Wednesday, February 06, 2008

Ash Wednesday
Through the Doorway

Readings: Joel 2:12-18; Psalm 51:3-4, 5-6ab, 12-13, 14 and 17; 2 Corinthians 5:20—6:2; Matthew 6:1-6, 16-18

Some time ago, I took a series of psychological tests. In one of these tests I was presented with several pictures in black and white and asked to write a short story about each of them. Today I’m reminded especially of one of those pictures. See if you can imagine it as I describe it to you. The whole background of the picture is dark, except for what looks like a doorway that is lit. And, entering through this doorway is the figure of a person, someone who looks to be passing out of the darkness and into the light. As we begin our great season of Lent with this celebration of Ash Wednesday, I wonder if this same picture might not help us to write a story about the meaning of our celebration. As you know, most stories have a beginning, a middle and an end. Perhaps our Lenten story will be the same.

Our story begins with our presence here today. We have come here for Mass and, shortly, we will have ashes imposed on our foreheads. This is how Lent begins. It begins with God’s people performing certain right actions. These actions include the three traditional practices that we heard Jesus talk about in the gospel: prayer and fasting and almsgiving. And, as we know, there are different ways of performing these actions. We can, for example, pray in many different ways: with the rosary or with scripture, in song or in silence, accompanied or alone. There is also a wide variety of ways in which to fast and to give alms. We can curb our appetites for food or for entertainment, just as we can give of our money or our time and attention. The important thing is that we do these actions in ways that enable us to renew our relationships to God, to ourselves and to one another.

Which brings us to the middle of our Lenten story. As Jesus reminds us in the gospel today, it is possible to do all the right actions for all the wrong reasons. Having begun our Lenten story with right actions, we need now to move on to an appropriate middle. Right actions must be motivated by the right intention. As we heard in the first reading: rend your hearts and not your garments… In order for our Lenten discipline to bear the desired fruit, we need to have broken hearts. And the readings also tell us how. Not only do they remind us of our deep need for God – why should they say among the peoples, ‘Where is their God?’ – but they also convict us of our sinfulness – against you only have I sinned… And, most importantly, they remind us too of the full extent of God’s mercy toward us, his wayward children: for our sake (God) made him to be sin who did not know sin, so that we might become the righteousness of God in him…

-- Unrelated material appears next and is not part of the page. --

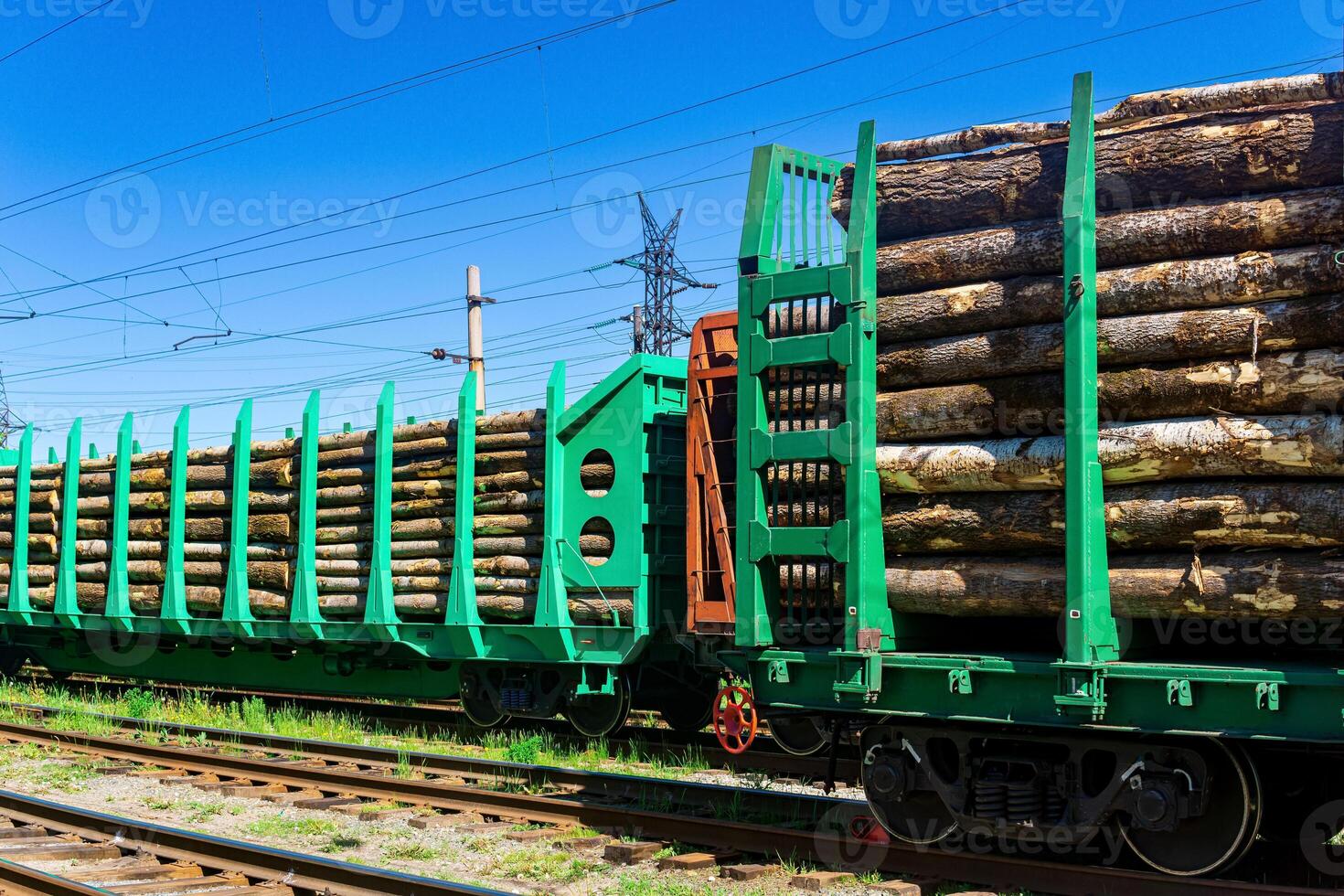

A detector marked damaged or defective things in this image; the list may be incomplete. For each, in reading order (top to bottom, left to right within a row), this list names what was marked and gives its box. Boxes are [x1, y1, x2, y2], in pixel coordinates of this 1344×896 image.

Moved by these considerations of God’s love in the face of our own sinfulness, we hope that our prayer and fasting and almsgiving will help us write a fitting ending to our story. We hope that, motivated by the right intention, our right actions will ultimately lead us to the right destination. As our opening prayer expressed it so well, we are hoping that God will bestow sight to the darkness of sinful eyes so that, with hearts broken by contrition, we can see more clearly the way to the place we wish to go. What is this destination? What is this happy ending? We heard it described in the second reading, in Paul’s words of exhortation: we implore you… to be reconciled with God… For now is the day of salvation.

Right actions, the right motivation and the right destination: collectively, might these not provide us with a possible format for writing our own Lenten story? In addition, there is yet another consideration that might help us. Recalling the picture with which we began, perhaps we might see that Lent is not just a question of our walking out of darkness and into the light, but also of our opening the doors of our hearts and our lives, so that the God of Light might enter and illumine our darkness. Isn’t this the reason why God made him to be sin who did not know sin?

How do you intend to write your Lenten story today?